Think about it: If you were to map out the people you know at work, how likely will it be that you will come up with a highly diverse list of individuals of different ages, gender, socio-economic, ethnical or cultural backgrounds? Is your organisation providing equal opportunities to abled and disabled employees? How about any prevalence of ivy-league school graduates? Sure enough, the hospitality industry provides employment to individuals from a plethora of backgrounds and its workforce is an extremely international one. However, does it give enough opportunities for individuals to move up the ranks? Are there glass-ceilings not only for women but also for other groups? And, does the industry do enough to capitalise on an aging workforce whilst keeping the Millennials engaged?

Keeping in mind the heightened M&A activity and the international buy-out or take-over activity that the hospitality industry is currently witnessing: How well do you think your organisation would fair if it were made up of likeminded individuals not used to be challenged or questioned by a different perspective? By individuals who predominantly come from the Western world and, although having gained international work experience, who have first and foremost made their careers in European or American institutions with belief systems quite distinct from their Asian counterparts?
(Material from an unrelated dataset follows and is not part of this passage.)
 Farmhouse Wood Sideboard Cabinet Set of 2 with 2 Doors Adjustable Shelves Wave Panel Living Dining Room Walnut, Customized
What companies and industry leaders should really talk about and address is how modernisation (in emerging markets) does not necessarily mean Westernisation; how growth does not necessarily need to be managed in the same old ways by the same old people; how leadership values in one country may differ to another and how talent management programs may (and should) be vastly different from one region to another. In short: Copy-pasting tried and tested processes (or ‘plug-and playing’ successful business leaders) may not always work. Embracing diversity is key and finding and retaining those individuals who are adaptable and open to change with an ability to constantly re-invent themselves. The conversation should hereby steer away from the typical gender-focused diversification. Instead, it should be focused on incorporating as many diverse perspectives as possible.